All the recipients included in this study had angiographic evidence of progressive chronic rejection as manifested by TxCAD. Furthermore, all the heart grafts were mismatched for between four and six HLA-A, -B, and -DR alleles. The third-party spleen cells used as a control for each recipient were selected to have the same degree of HLA mismatch as the recipient's donor cells.
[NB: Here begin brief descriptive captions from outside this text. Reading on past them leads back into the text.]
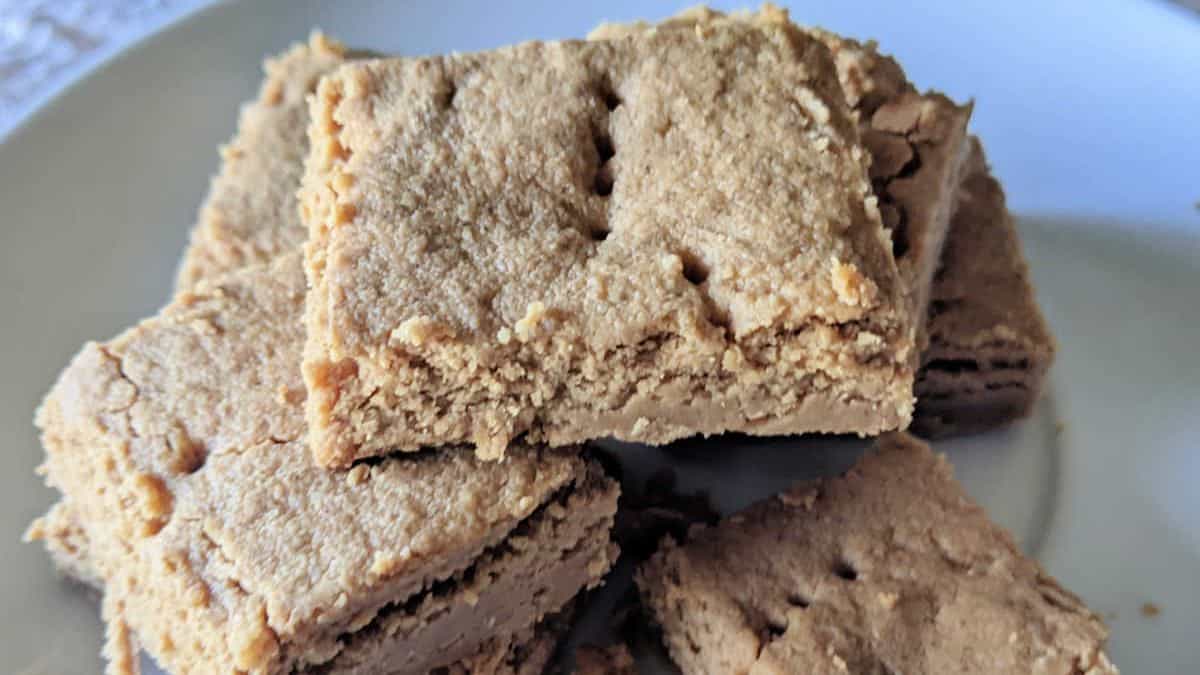 Peanut shortbread cookies cut in squares.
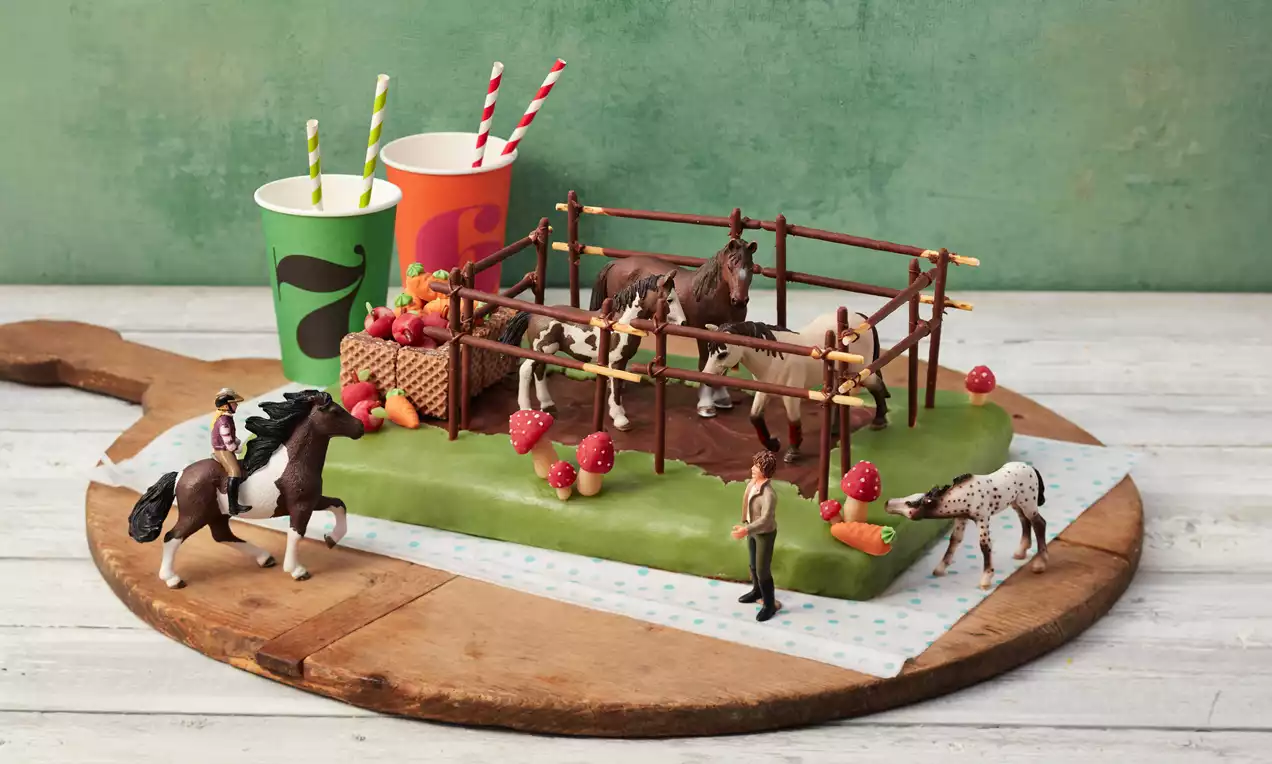 Rechteckiger Kuchen mit grüner Marzipandecke, dekoriert als Pferdekoppel mit braunen Zäunen, Figuren und bunten Zucker-Obststücken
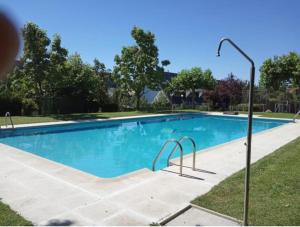 - une piscine d'eau bleue dans la cour dans l'établissement La Casa Bonita Cercedilla, à Cercedilla
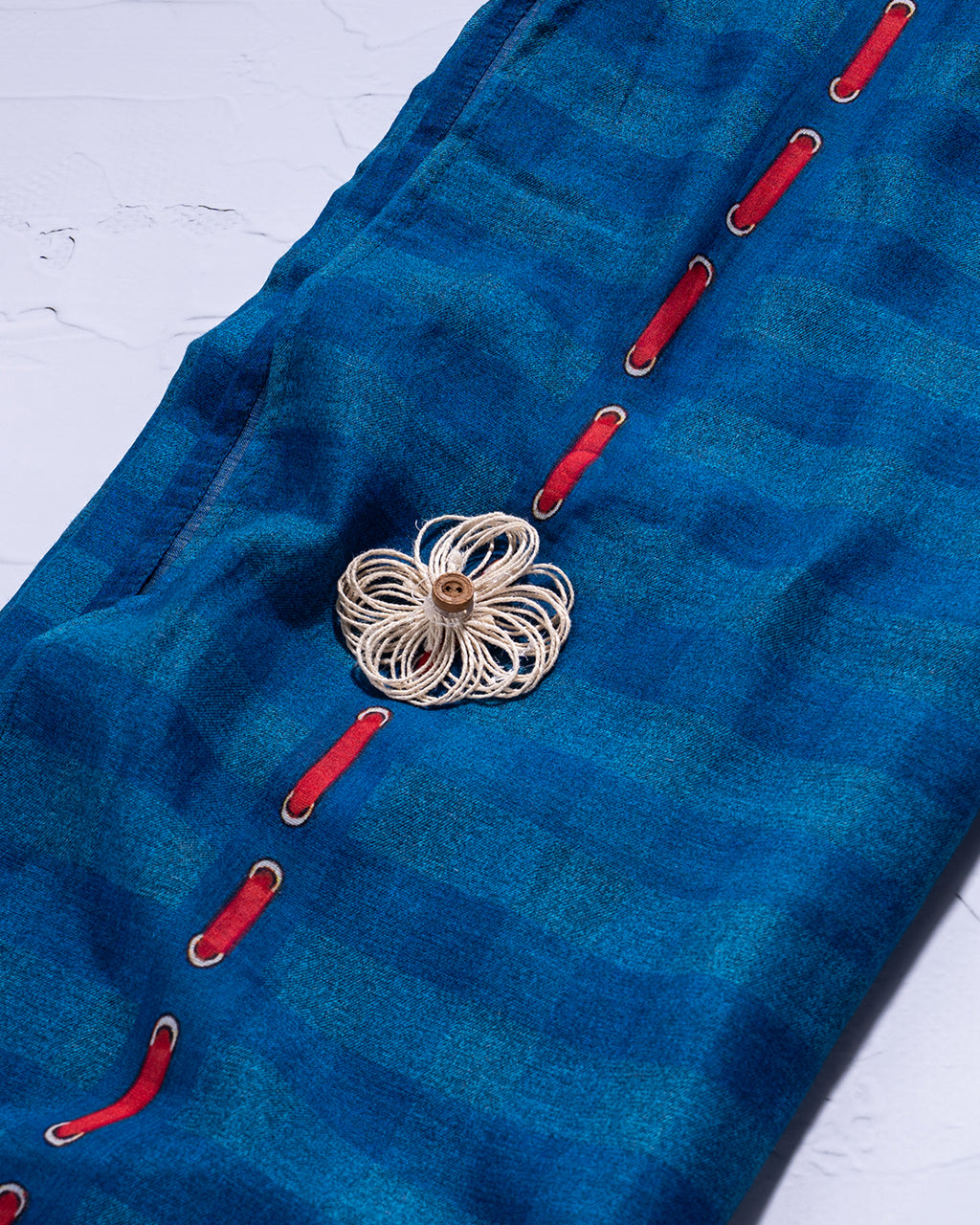 Detailed view of the red thread accents and modern check pattern on the Rajathee Saree Blue Mul Cotton.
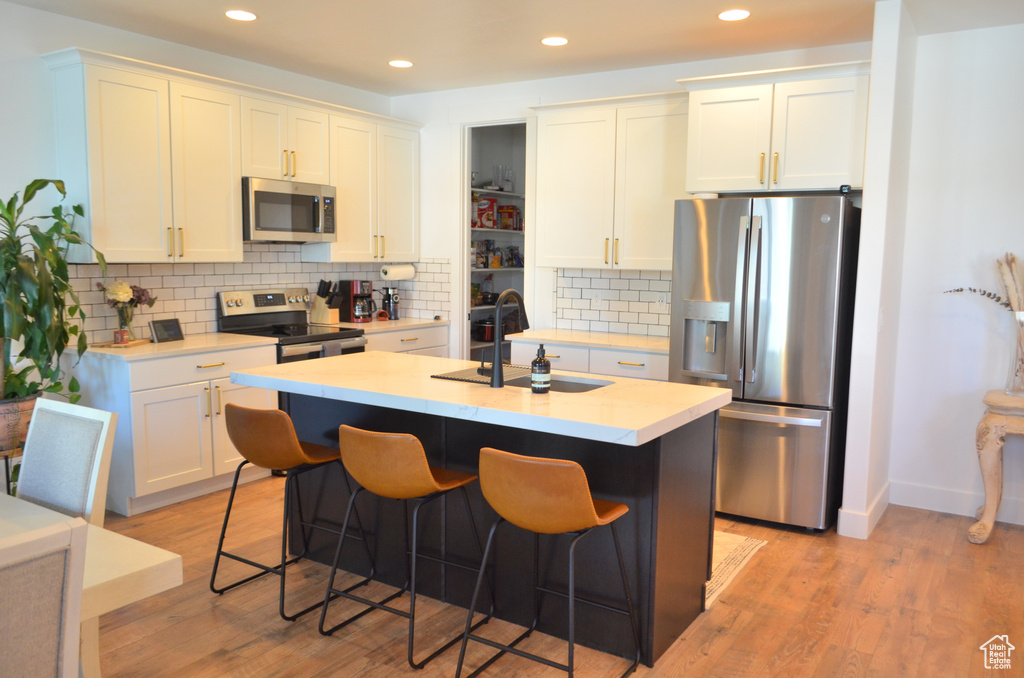 Kitchen with light wood-type flooring, a sink, appliances with stainless steel finishes, and recessed lighting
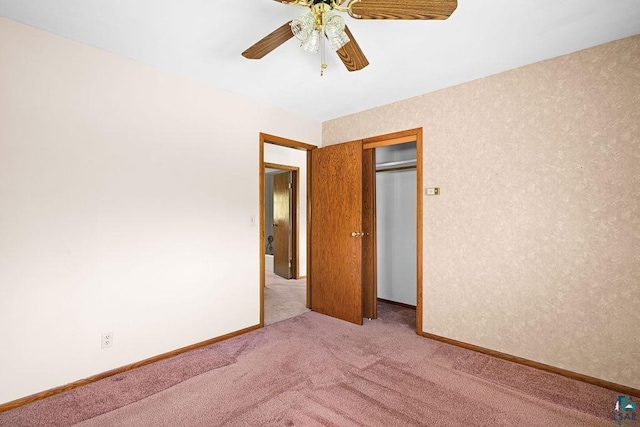 3026 Getchell Rd, Duluth, MN 55810 - unfurnished bedroom with carpet flooring, a closet, baseboards, and ceiling fan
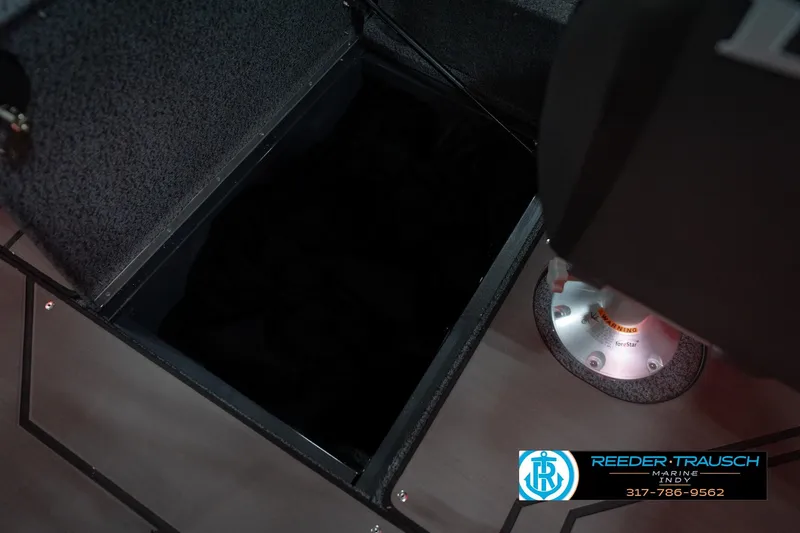 Slide: The Image of 2026 Lund 1875 Crossover XS boat interior storage compartment with seat base. - 28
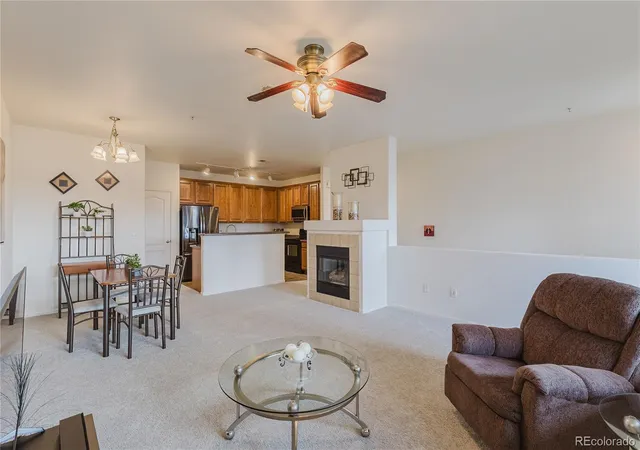 Listing Photo 5 - Condo for sale in building located at 7130 Simms St, Arvada, CO 80004 - Unit #202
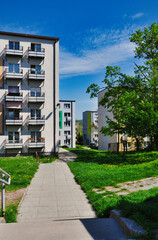 Osiedle bloków mieszkalnych z wielkiej płyty w stylu socrealistycznym z zielonym trawnikiem i chodnikiem w słoneczny dzień. © Pol Badger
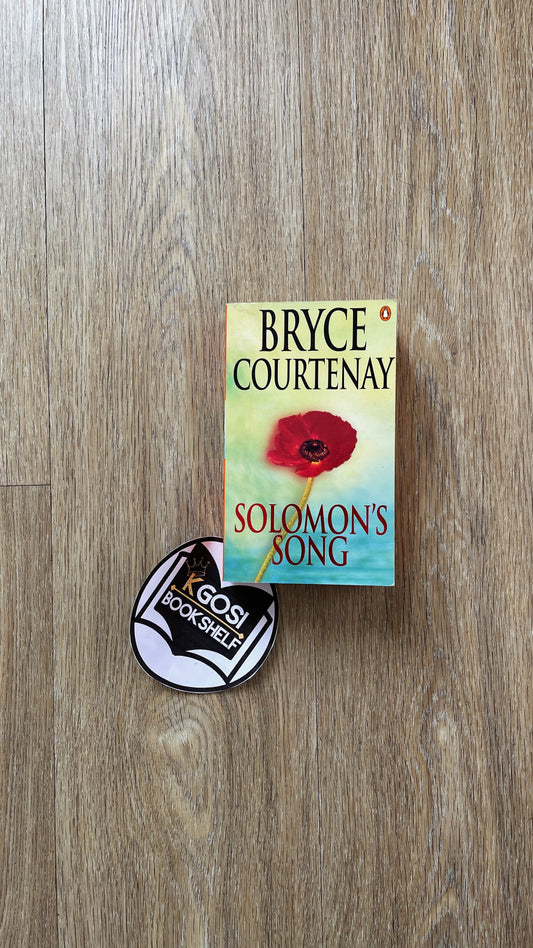 Book titled 'Solomon's Song' by Bryce Courtenay on a wooden surface with a badge.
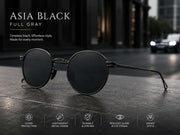 Vintage round sunglasses with black metal frame and full gray UV400 lenses on a modern urban background.
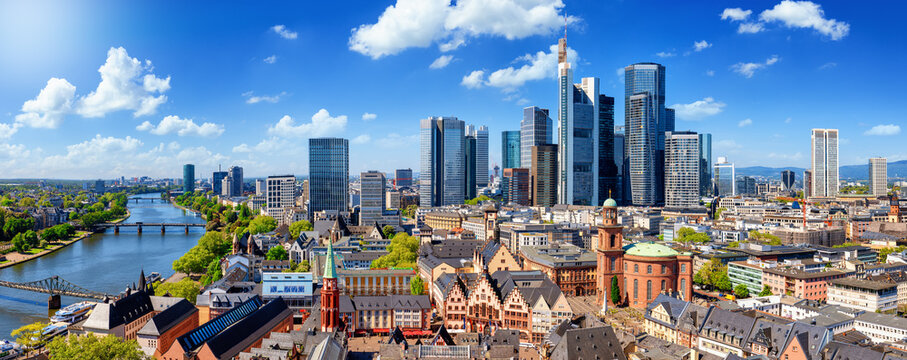 Beautiful, panoramic view of the skyline of Frankfurt, Germany, with old town, river Main and the financial skyscrapers in the background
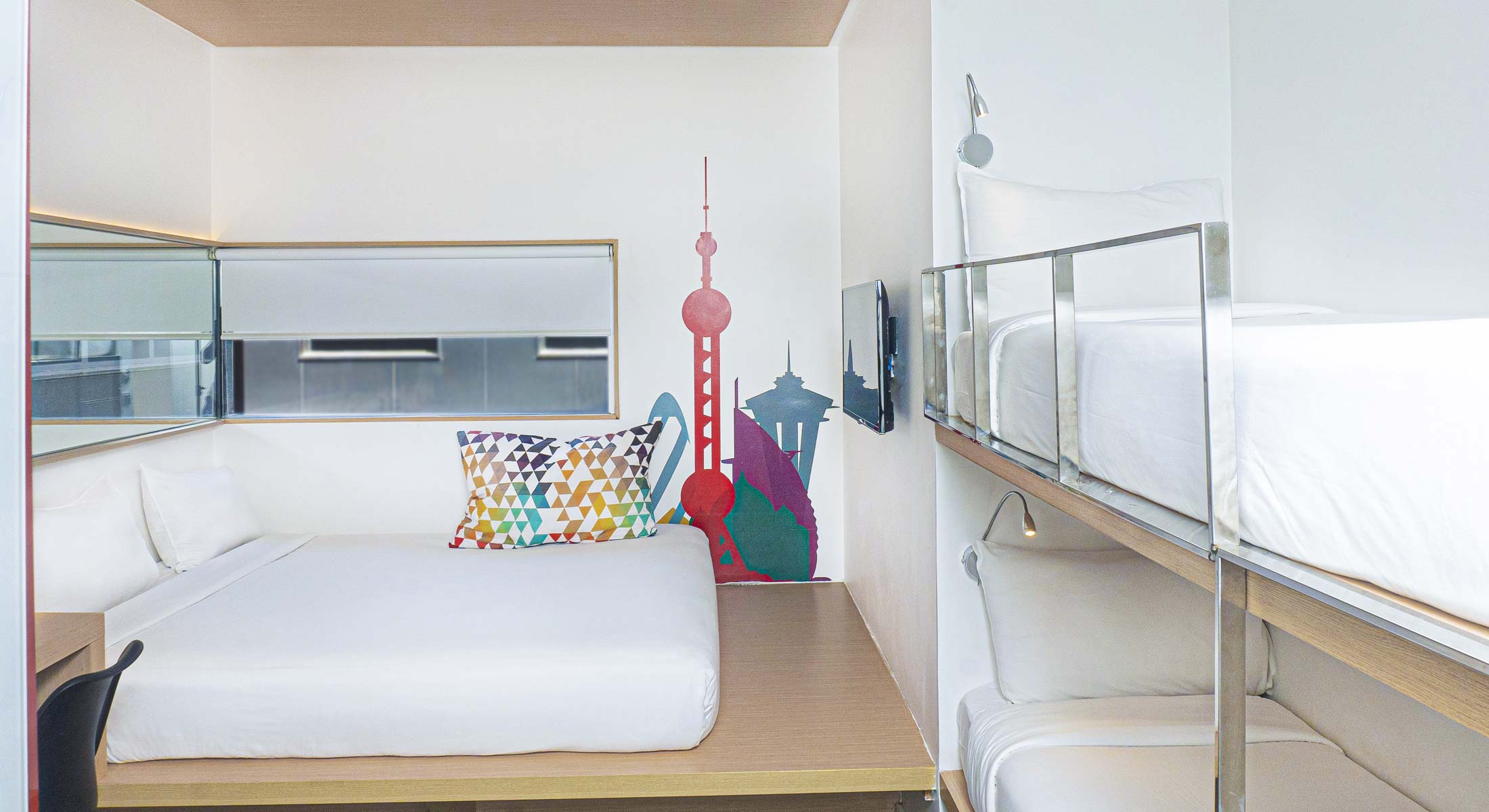 a bedroom with a bunk bed and a painting on the wall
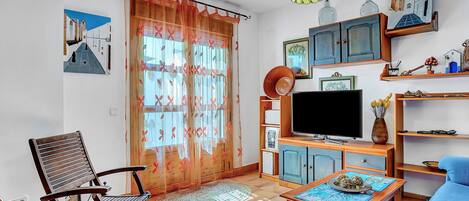 A living room with a television, a blue sofa, a wooden chair, a table with a decorative plate, and a window with a floral curtain.
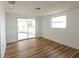 A spacious living room featuring hardwood floors and sliding glass doors leading to a patio at 3530 Umber Rd, Holiday, FL 34691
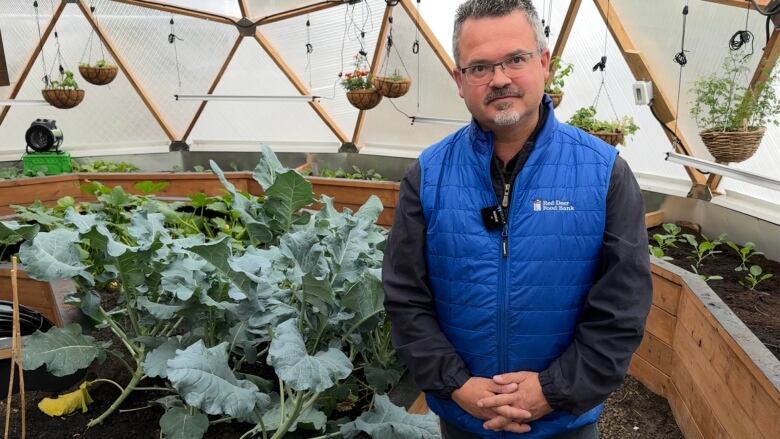 Mitch Thomson stands by planters full of vegetables inside a domed greenhouse.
In all recipients, both CTLf and HTLf were measured against stored donor cells and against a third party population of cryopreserved spleen cells. These data are presented in graphical form in Figs 1Down and 2Down, and the actual numerical frequencies, together with 95% confidence intervals, are shown in the TableDown. In past analyses, we have taken the figure of 1:100 000 as the cutoff between high (>1:100 000) and low (<1:100 000) frequencies. Indeed, in several independent studies, HTL and CTL frequencies <1:100 000 were never observed in the face of four to six HLA antigen mismatches25 26 when responder cells from normal healthy individuals were used. Accordingly, we chose to define donor-specific hyporesponsiveness as being present if the recipient:anti-donor frequency was <1:100 000 and if the frequency measured against the donor was a log-order of magnitude less than the recipient: anti–third-party frequency. On this basis, donor-specific hyporesponsiveness was detected in 5 of the 10 recipients. The HTLf in the other five recipients were >1:100 000. Of the 5 recipients with low HTLf, 4 also had low anti-donor CTLf (<1:100 000), and in 2 of these, the CTLf (D and E) was actually below the limits of sensitivity of the assay. In the 5th recipient (recipient H), although the CTLf was >1:100 000, it was nonetheless significantly lower than that estimated against the third-party spleen cells.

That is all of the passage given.